As the diffusivity D1,2 and the carbonation depth LC are constant, the solution is due to Crank [38] and the normalized chloride profile takes the following form,

$$\bar{c}\left( {x,t} \right) = \sum\limits_{n = 0}^{\infty } {\alpha^{n} \left\{ {{\text{erfc}}\left[ {\frac{{\left( {2n + 1} \right)L + x}}{{2\sqrt {D_{1} t} }}} \right] - \alpha {\text{erfc}}\left[ {\frac{{\left( {2n + 1} \right)L - x}}{{2\sqrt {D_{1} t} }}} \right]} \right\}} \,{\text{for}}\,0 \le x \le L_{\text{C}}$$
(5)
$$\bar{c}\left( {x,t} \right) = \frac{2k}{k + 1}\sum\limits_{n = 0}^{\infty } {\alpha^{n} {\text{erfc}}\left[ {\frac{{\left( {2n + 1} \right)L + kx}}{{2\sqrt {D_{1} t} }}} \right]} \,{\text{for}}\,x > L_{\text{C}}$$
(6)

with

$$\bar{c}\left( {x,t} \right) = \frac{{c_{\text{Cl}} \left( {x,t} \right) - c_{0} }}{{c_{S} - c_{0} }}, \, k = \sqrt {\frac{{D_{1} }}{{D_{2} }}} , \, \alpha { = }\frac{1 - k}{1 + k}$$
(7)

Here the term c0 refers to the initial chloride concentration in the pore solution. Using Eqs. (56), the values of chloride diffusivity can be regressed directly from the profiles of free (water soluble) chlorides in Fig. 2. Note that as D1 = D2 and k = 1, the carbonation is actually cancelled and the chloride profile is reduced to the classical solution of Fick’s second law with constant cS at the surface,

$$\bar{c}\left( {x,t} \right) = {\text{erfc}}\left( {\frac{x}{{2\sqrt {D_{2(1)} t} }}} \right)$$
(8)

The regression of chloride diffusivity values, in non-carbonated and carbonated concretes, is performed through two steps: first, the profiles of NC specimens are used to regress the apparent chloride diffusivity D2 using Eq. (8); second, for each carbonated concrete the diffusivity for carbonated concrete D1 is regressed using the obtained diffusivity for NC case as D2, and the measured carbonation depth as LC in Eqs. (34).
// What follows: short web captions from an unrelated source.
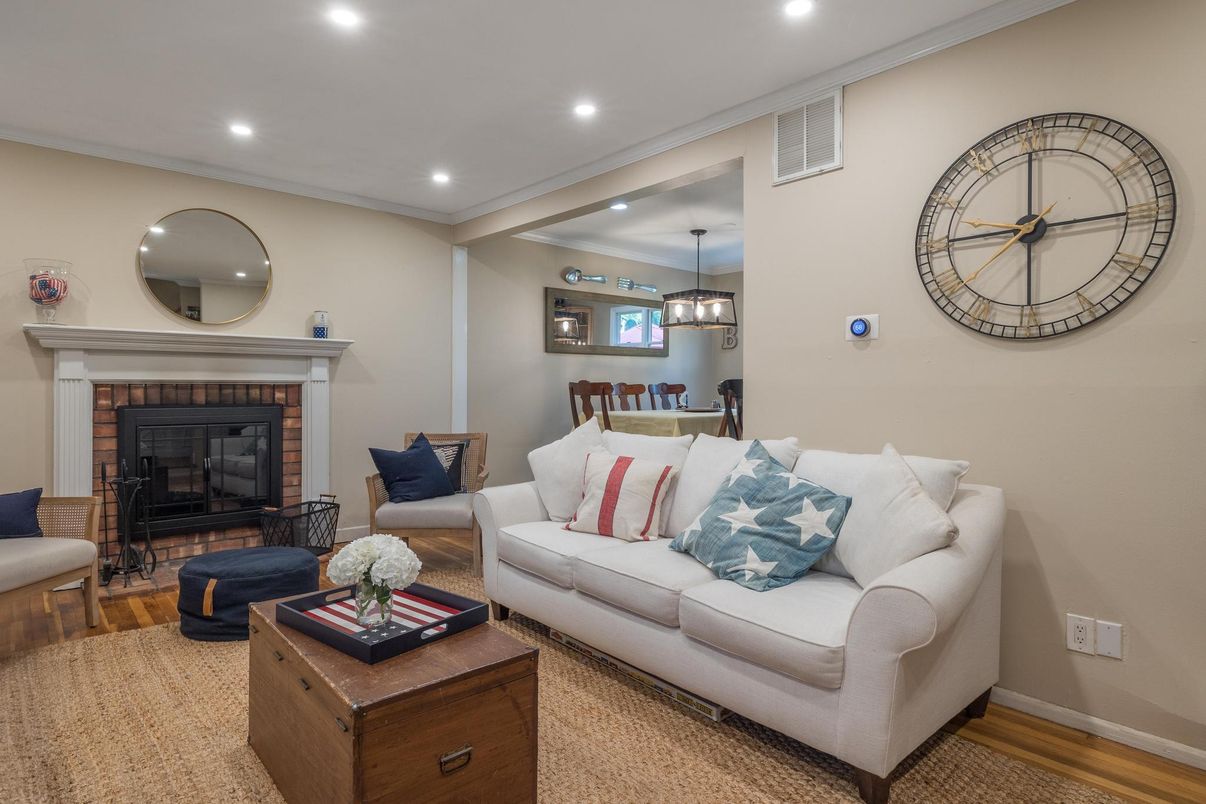 Dining room, Fireplace, Interior, Living room, Pendant Lights, Recessed Lighting, Wood Texture Flooring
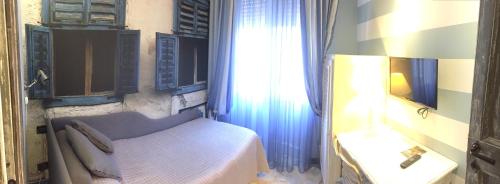 a bedroom with a bed and a sink and a window at Da ö Vittorio SRL in Recco
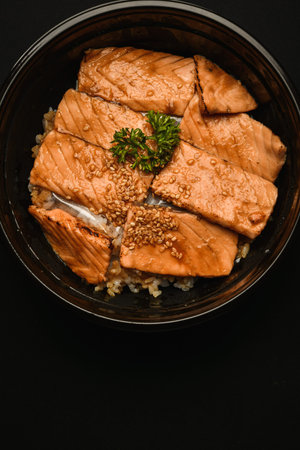 Japanese food, salmon teriyaki with rice on black background.の写真素材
This two-step regression is illustrated in Fig. 5. The obtained values of chloride diffusivity are given in Table 4. Considering the intrinsic dispersion of chloride concentration determined by the grinding method, the fit is regarded as satisfactory.

Fig. 5
figure 5

Regression of apparent chloride diffusivity: non-carbonated specimens (left) and carbonated specimens (right)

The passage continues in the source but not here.